● **ASSIGNMENT**
Stop at the line containing "Valise de voyage": write out every line from the beginning of the entries up to and including it, minus the pictures.

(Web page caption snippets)
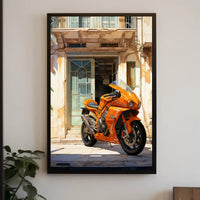 The Vibrant Ride Poster PosterGoat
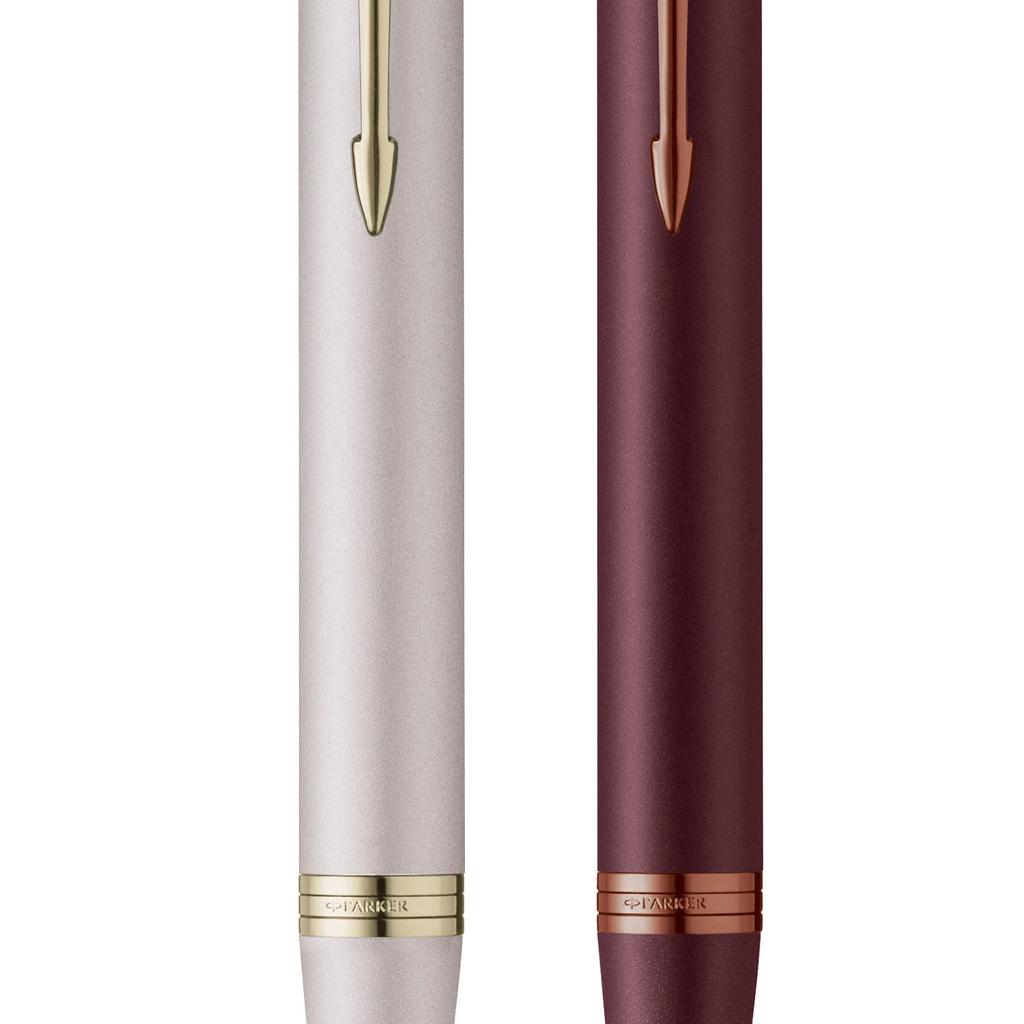 Parker Шариковая ручка IM Monochrome Champagne CHT Medium Point Gift Box Original Imported Product 2173273 На масляной основе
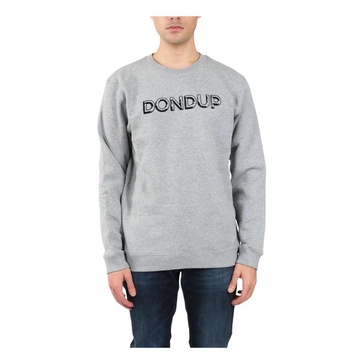 Cotton Sweatshirt with Flocked Logo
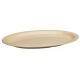 15.5" x 10.9" Oval Platters, Narrow Rim, Melamine, Tan - 12/Case
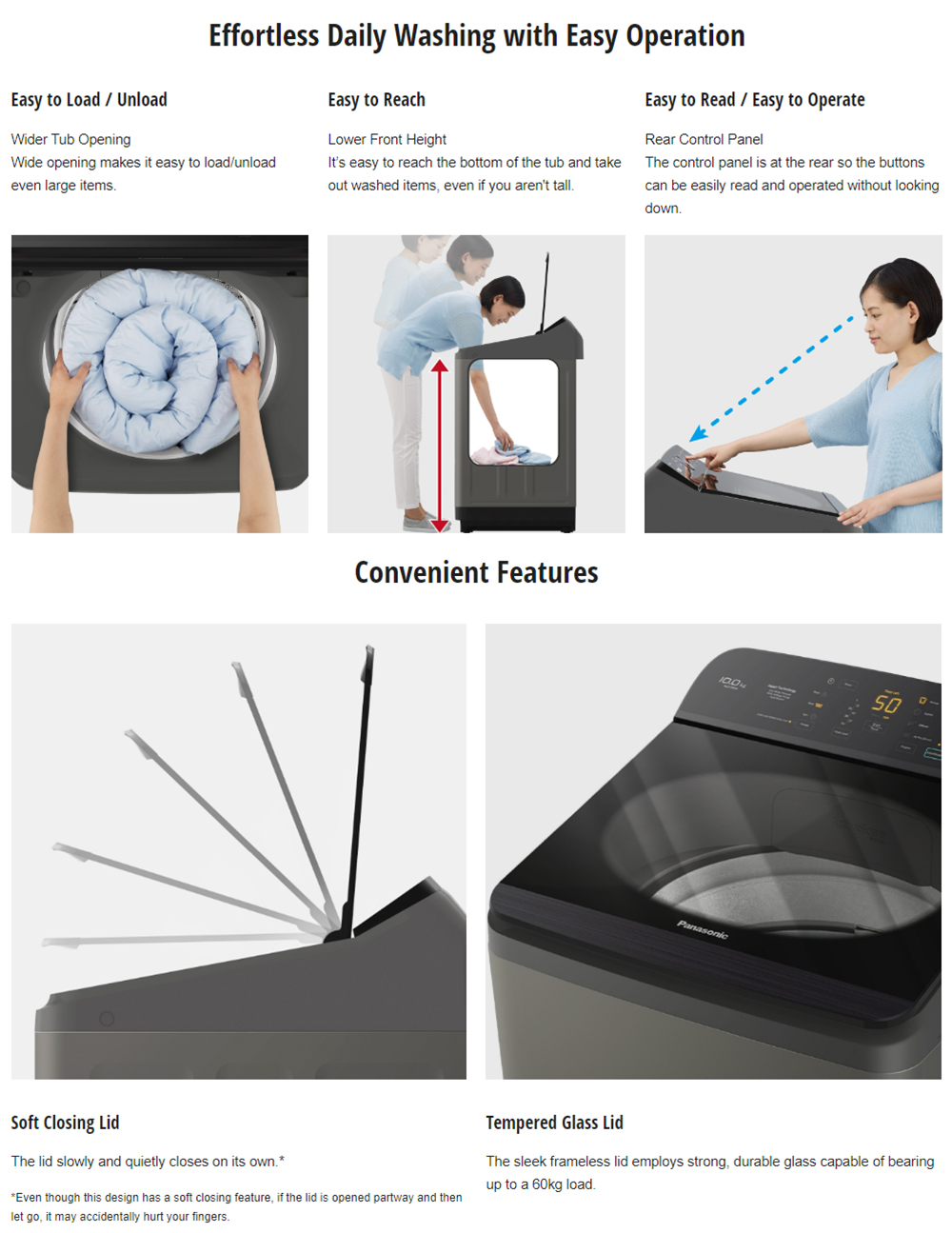 Panasonic NAF100A9DRT 10kg Care+ Stain Expert Top Load Washing Machine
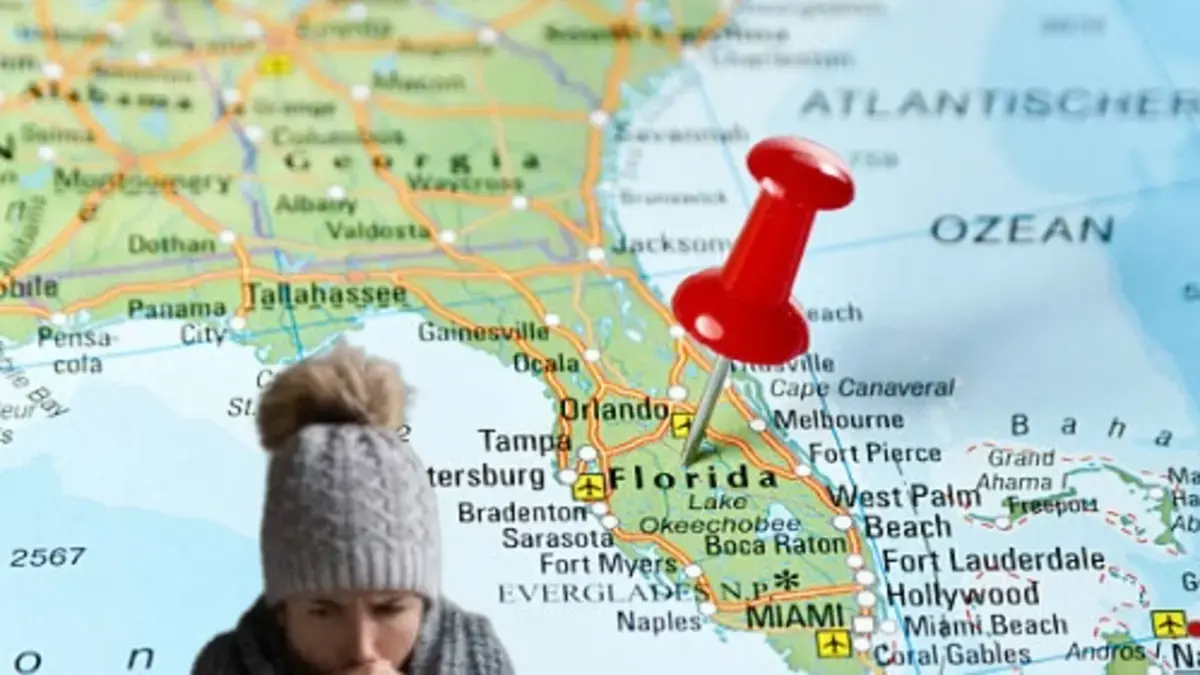 Se acerca un invierno fatal en Florida: cuáles son las zonas que más sentirán el frío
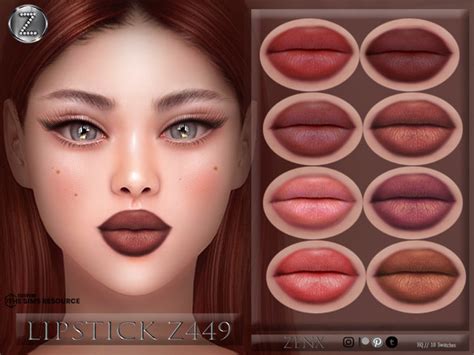 The Sims Resource ZENX LIPSTICK Z449 HQ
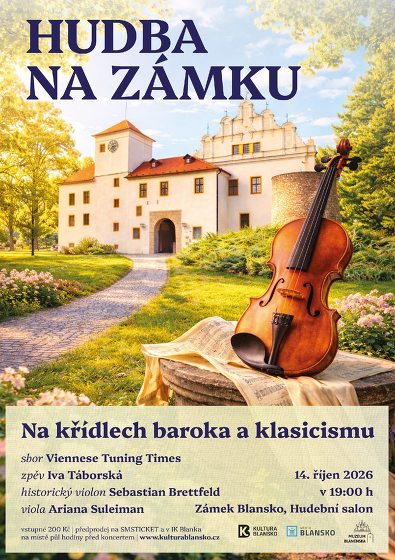 Plakát události Hudba na zámku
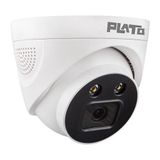 Plato PL-22996 5 MP Color VU Mikrofonlu 3.6 mm 2 Atom Plastik Kasa AHD Dome Kamera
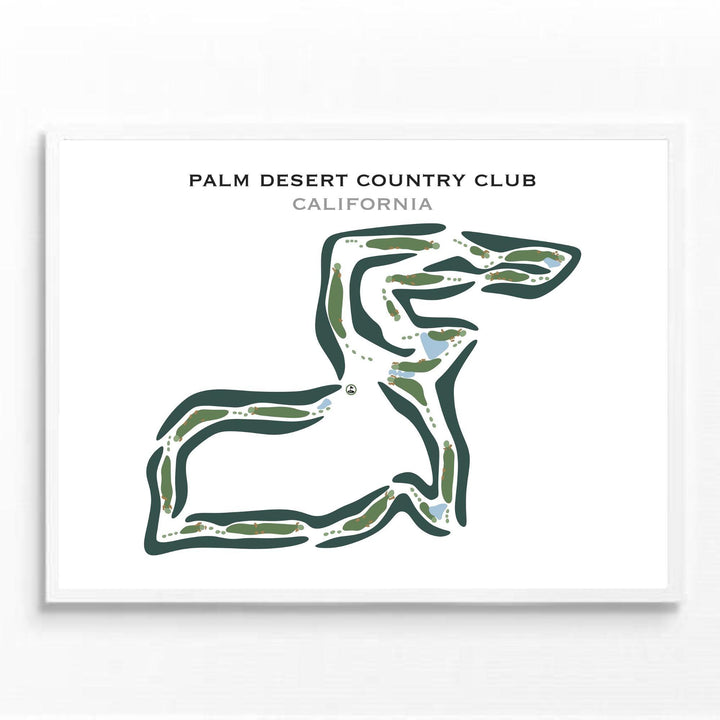 Palm Desert Country Club, California - Printed Golf Courses - Golf Course Prints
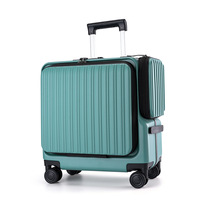 Valise de voyage multifonctionnelle minimaliste de luxe, à roulettes, ouverture frontale, design monobloc, pour affaires, avec serrure TSA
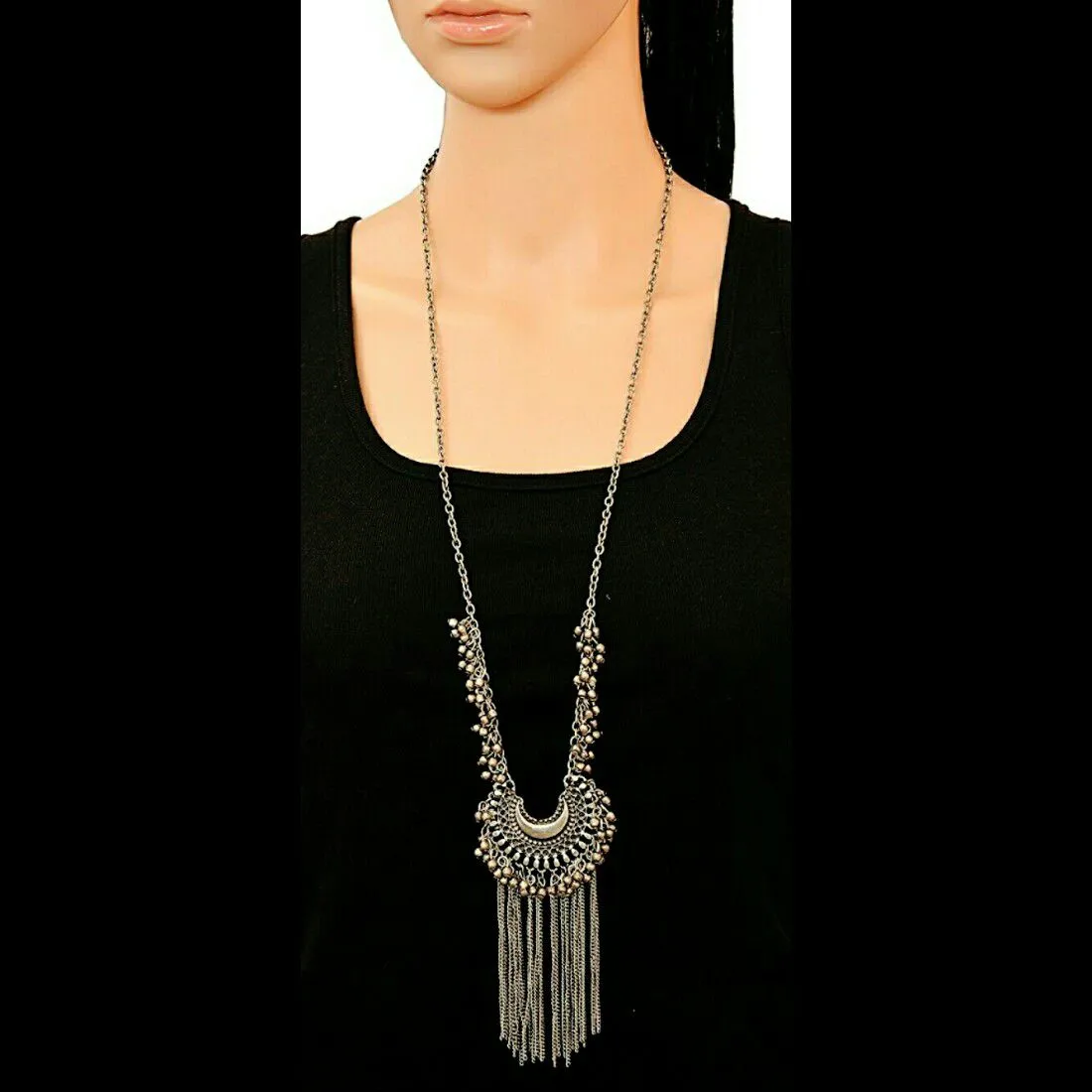 Combo of 2 Oxidised Silver Jewelry Set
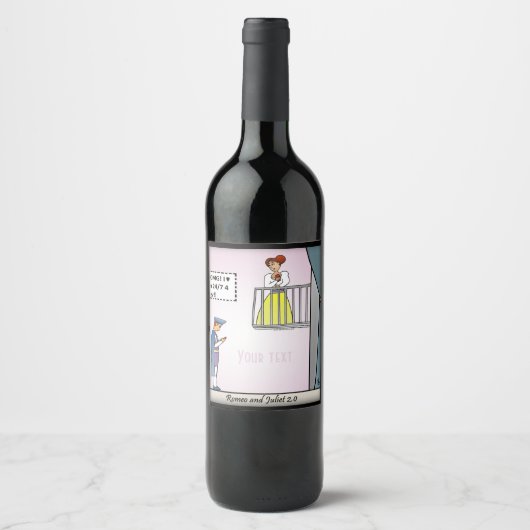 Romeo en Juliet 2.0 Wijn Etiket (Voorkant)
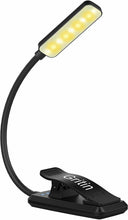 Carica l'immagine nel visualizzatore di Gallery, Luce da lettura ricaricabile USB con 9 LED regolabili, Clip per libro portatile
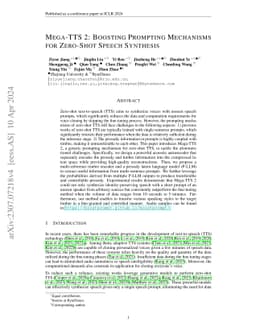 Mega-TTS 2: Boosting Prompting Mechanisms for Zero-Shot Speech Synthesis
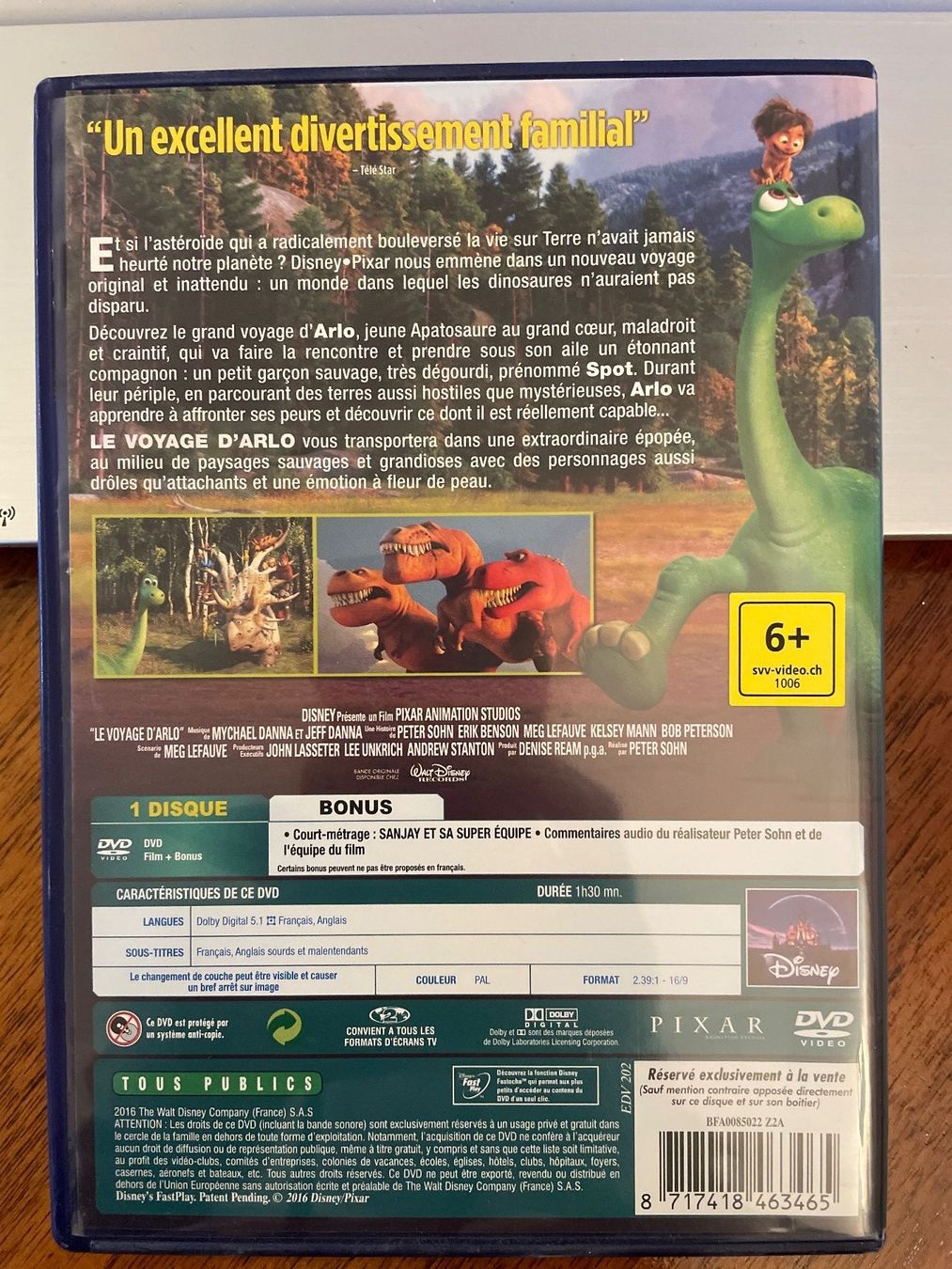 Alle DVDs: DVD Le Voyage d'Arlo – Gebraucht aus Genève von Livsonman 1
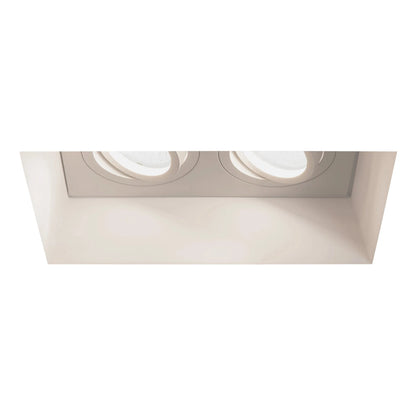 Blanco Twin Adjustable Plâtre IP20 Spots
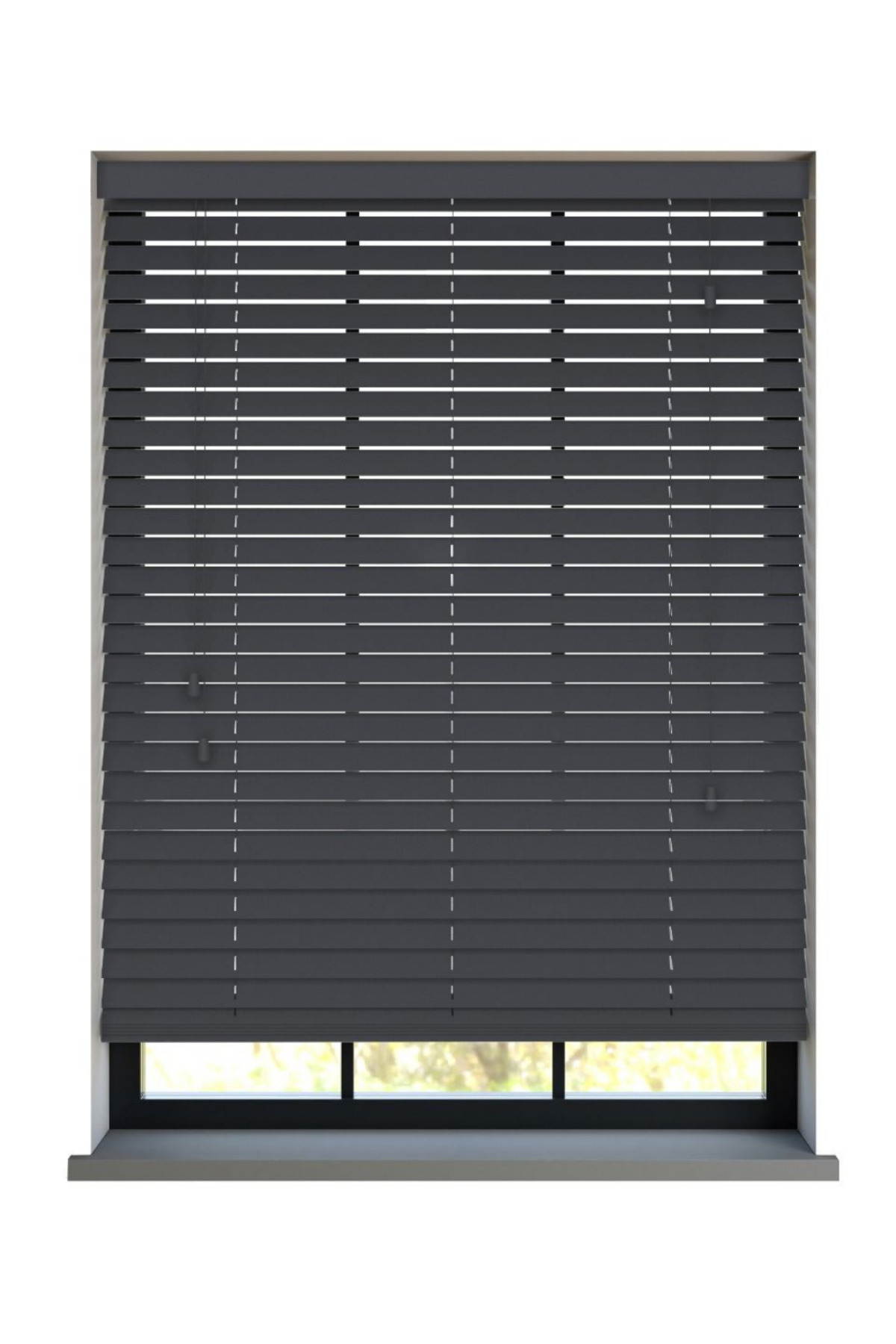 Wooden Blinds %100 Doğal Ahşap Jaluzi Perde 50mm,Alüminyum Kasalı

● **EXERCISE OUTPUT**
 The Vibrant Ride Poster PosterGoat
 Parker Шариковая ручка IM Monochrome Champagne CHT Medium Point Gift Box Original Imported Product 2173273 На масляной основе
 Cotton Sweatshirt with Flocked Logo
 15.5" x 10.9" Oval Platters, Narrow Rim, Melamine, Tan - 12/Case
 Panasonic NAF100A9DRT 10kg Care+ Stain Expert Top Load Washing Machine
 Se acerca un invierno fatal en Florida: cuáles son las zonas que más sentirán el frío
 The Sims Resource ZENX LIPSTICK Z449 HQ
 Plakát události Hudba na zámku
 Plato PL-22996 5 MP Color VU Mikrofonlu 3.6 mm 2 Atom Plastik Kasa AHD Dome Kamera
 Palm Desert Country Club, California - Printed Golf Courses - Golf Course Prints
 Valise de voyage multifonctionnelle minimaliste de luxe, à roulettes, ouverture frontale, design monobloc, pour affaires, avec serrure TSA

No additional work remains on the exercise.